## PROBLEM REQUIREMENTS
Please report how many lines in the records below contain "Bath". Reply with the number alone.

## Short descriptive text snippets
◆ ◆ ◆ ◆ ◆ ◆ ◆
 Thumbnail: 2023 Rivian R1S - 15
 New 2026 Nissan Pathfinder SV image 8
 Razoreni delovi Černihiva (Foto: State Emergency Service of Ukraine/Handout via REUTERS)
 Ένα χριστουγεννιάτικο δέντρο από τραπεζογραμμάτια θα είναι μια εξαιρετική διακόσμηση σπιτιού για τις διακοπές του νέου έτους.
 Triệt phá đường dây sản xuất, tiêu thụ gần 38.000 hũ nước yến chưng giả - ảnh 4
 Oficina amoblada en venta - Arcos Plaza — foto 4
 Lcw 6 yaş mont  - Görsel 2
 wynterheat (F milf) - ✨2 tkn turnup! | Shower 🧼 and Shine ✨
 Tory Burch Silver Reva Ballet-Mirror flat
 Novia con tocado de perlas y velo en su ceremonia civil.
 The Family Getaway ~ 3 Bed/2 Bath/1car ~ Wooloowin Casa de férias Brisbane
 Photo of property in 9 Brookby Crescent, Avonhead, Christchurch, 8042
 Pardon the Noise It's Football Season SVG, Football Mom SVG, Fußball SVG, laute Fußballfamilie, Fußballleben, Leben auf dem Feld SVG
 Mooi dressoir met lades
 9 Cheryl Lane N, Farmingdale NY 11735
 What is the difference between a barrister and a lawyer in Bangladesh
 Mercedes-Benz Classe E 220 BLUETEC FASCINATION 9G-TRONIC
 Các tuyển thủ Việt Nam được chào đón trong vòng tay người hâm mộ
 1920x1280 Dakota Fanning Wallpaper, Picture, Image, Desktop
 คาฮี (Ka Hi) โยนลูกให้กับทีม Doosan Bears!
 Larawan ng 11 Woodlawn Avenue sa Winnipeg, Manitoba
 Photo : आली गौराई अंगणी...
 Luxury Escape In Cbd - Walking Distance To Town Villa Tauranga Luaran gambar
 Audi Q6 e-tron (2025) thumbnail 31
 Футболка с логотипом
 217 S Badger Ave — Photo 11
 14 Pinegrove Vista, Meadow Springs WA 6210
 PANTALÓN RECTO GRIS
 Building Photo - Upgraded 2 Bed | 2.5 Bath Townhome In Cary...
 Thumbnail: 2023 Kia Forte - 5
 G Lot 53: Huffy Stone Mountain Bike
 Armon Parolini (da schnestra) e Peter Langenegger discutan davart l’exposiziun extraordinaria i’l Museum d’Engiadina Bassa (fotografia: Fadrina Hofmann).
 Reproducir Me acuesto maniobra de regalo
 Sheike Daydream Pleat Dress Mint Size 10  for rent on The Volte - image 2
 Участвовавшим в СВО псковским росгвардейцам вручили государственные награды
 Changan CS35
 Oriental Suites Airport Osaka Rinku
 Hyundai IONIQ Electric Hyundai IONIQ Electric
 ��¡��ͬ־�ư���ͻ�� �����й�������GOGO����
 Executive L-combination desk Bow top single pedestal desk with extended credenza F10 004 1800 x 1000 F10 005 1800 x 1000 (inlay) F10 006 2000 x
◆ ◆ ◆ ◆ ◆ ◆ ◆
## TASK SOLUTION
2